130 As the plaintiff’s juggernaut rolled on, I cannot see that the obtaining of further reports by the defendant, and the showing of those reports to the plaintiff’s treating doctors, would have had the slightest effect, or altered the course of events in any way.  Those who treated the plaintiff (at least those who gave significant treatment) were all well aware of his past history and of all of the sorts of factors which might have been argued to contraindicate the treatment they eventually gave.   In particular, the surgeons who operated, that is Messrs.
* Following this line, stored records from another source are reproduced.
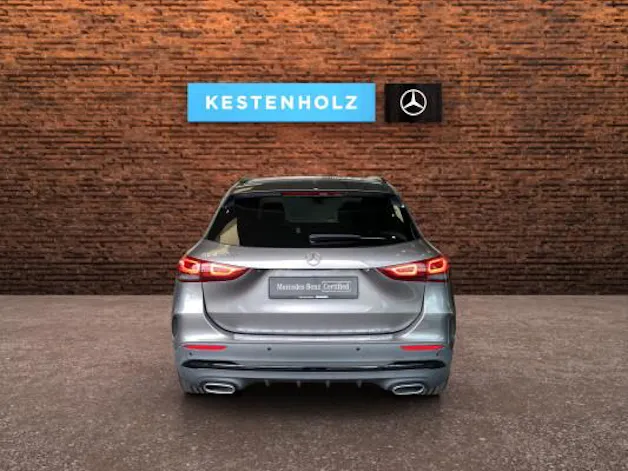 Mercedes-Benz GLA 200 AMG Line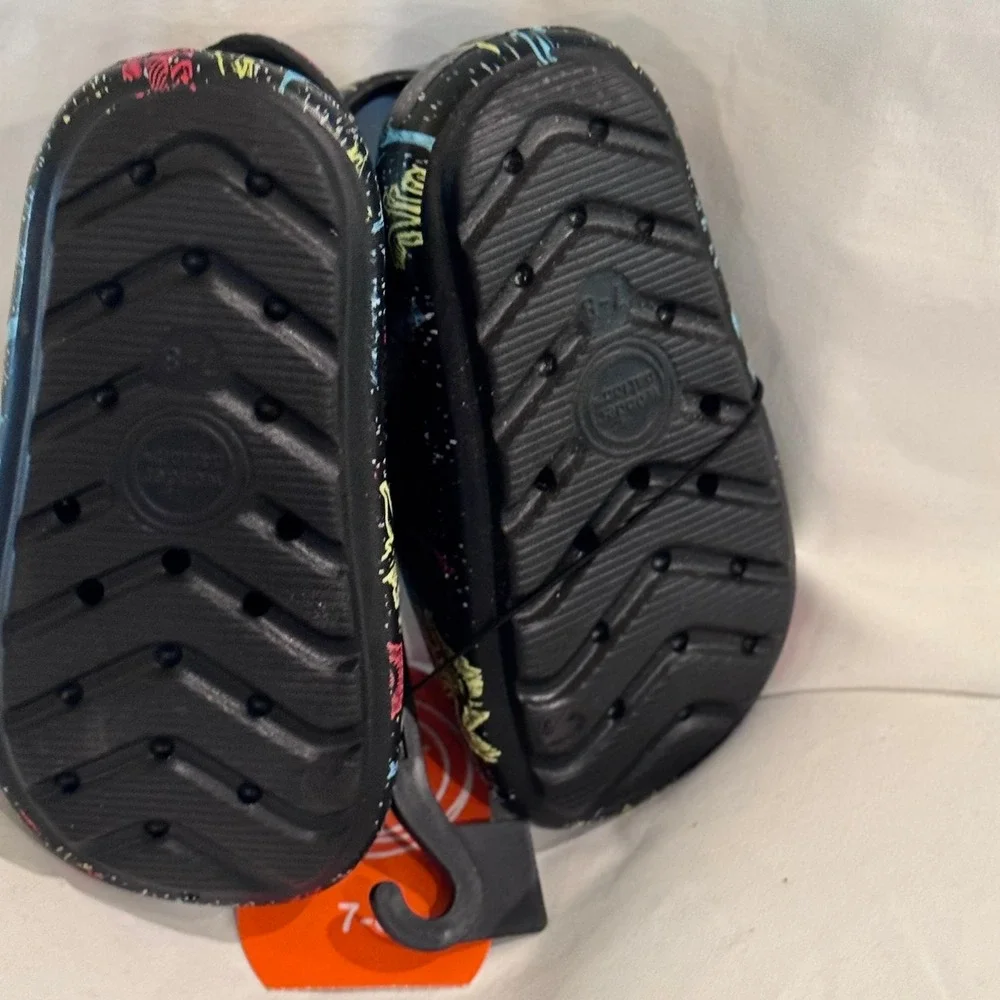 NWT Toddler Dinosaur Sandals Slides Size 7 8 Hook & Latch Back Strap Black T-Rex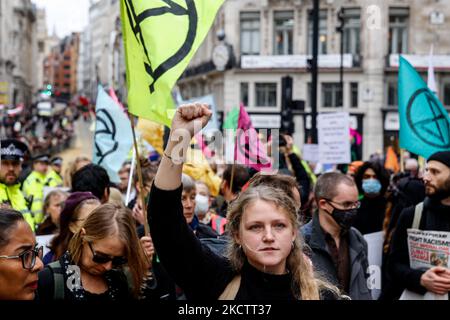 Extinction les partisans de la rébellion protestent lors du défilé de rue du Lord Mayor's Show dans le centre de Londres, en Angleterre, sur 13 novembre 2021. Extinction Rebellion a organisé la manifestation le jour du Lord Mayor's Show de Londres. L'organisation est entrée en collision avec le défilé pour parler de l'histoire coloniale de Londres comme une source majeure d'injustice climatique. Les manifestants ont appelé COP26 à un échec et ont appelé les politiciens à prendre des mesures contre la crise climatique (photo de Dominika Zarzycka/NurPhoto) Banque D'Images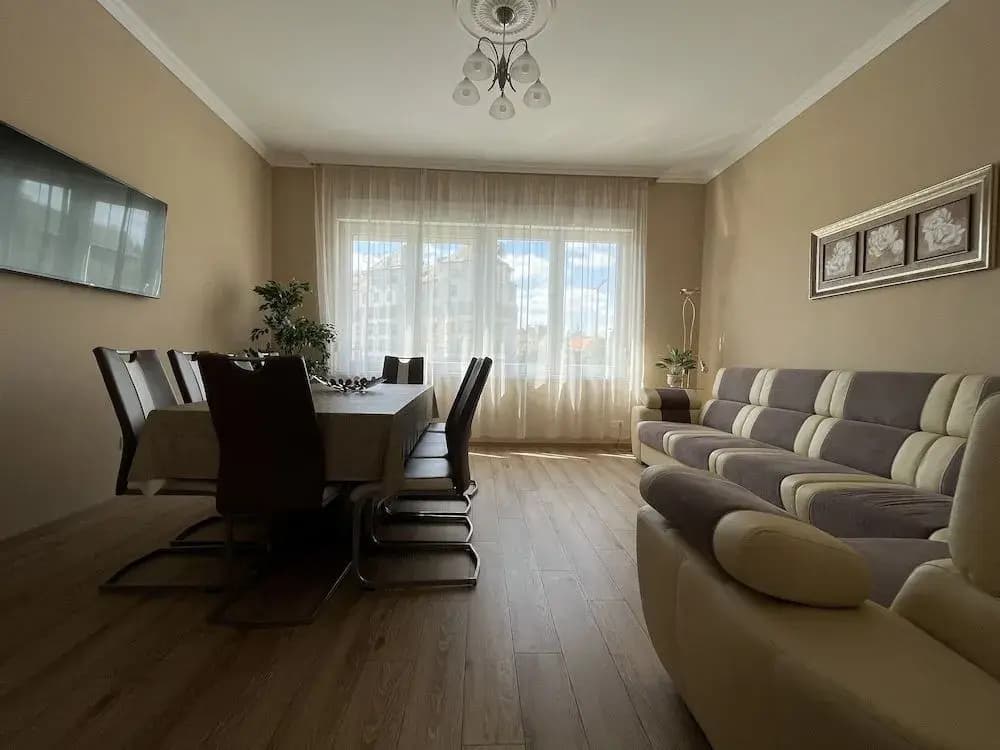 Camille Apartments - photo 11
Fraser and Osti, were initially reluctant to do so.   They knew the problems.   I cannot think that their decisions to operate would have been any different if they had had the benefit of reading the views of even the most forceful of the medical advisers to whom the defendant might have sent the plaintiff.   In short, the defendant was not kept properly informed, but I do not think it has made any difference.   I decline to eliminate or reduce any entitlement which the plaintiff otherwise has.

131

I summarise:-

1.     Wrongs Act damages  $31,000.00

2.     Economic Loss  $5,000.00

3.     Gratuitous Services  $30,000.00

4.     Special damages  

A.     Past  $70,000.00

B.     Future  $10,000.00

TOTAL  $146,000.00

132 Subject to argument about costs, if some special damages need to be separated, there will be judgment for $146,000.   This figure is additional to the amount paid on account of damages by the defendant.  I will hear the parties on costs and on any interest which may be payable.

APPENDIX

Schedule of documents taken into account in preparing judgment.

Transcript of proceedings in this court.

A).... Pleadings etc on file, including various affidavits by or on behalf of plaintiff.

B)Documents lodged during trial, including

i)...... Manilla folder containing sundry statements, news cuttings etc.

ii)     Volume of medical reports prepared by plaintiff and indexed by defendant, the index referring to 121 items.

iii)... Volume containing “Credentials of USA Specialists”.

iv)     Volume of medical reports prepared by defendant.

v)..... Volume containing 117 pages of transcript of evidence taken before His Honour Judge Taylor in 1988.

vi)     Plaintiff’s further final amended list of Special Damages.

vii)... “Chronology” of past and future medical expenses prepared by plaintiff.

viii)  Written submission by defendant.

ix).... Written submission of plaintiff, containing 1 - 8.

1...... Paper bag containing press cuttings about medical mistakes in other cases.      Not read

2.Paperback “What Your Doctor didn’t learn in Medical School” -

......... I read an extract supplied during the hearing, but did not delve further into this book.

3.Video relating to spinal cord stimulation.     Not viewed.

4...... Booklet relating to Spinal Cord Stimulation.         Read.

5.Booklet relating to Candida.        Not read in full.

- appeared to discuss many irrelevant conditions.

6.Transcript of proceedings in court in this case.  Extensively marked with “yellow stickers”.   Read in any event, but re read at points highlighted.

7...... “Part 1” of Supportive Documents.   I read the introduction in full and those supporting documents which related to this case  -  I did not read those alleged to relate to misconduct by solicitors.

8.“Part 2” of Supportive documents.

For future reference I have had these documents marked with the relevant letters.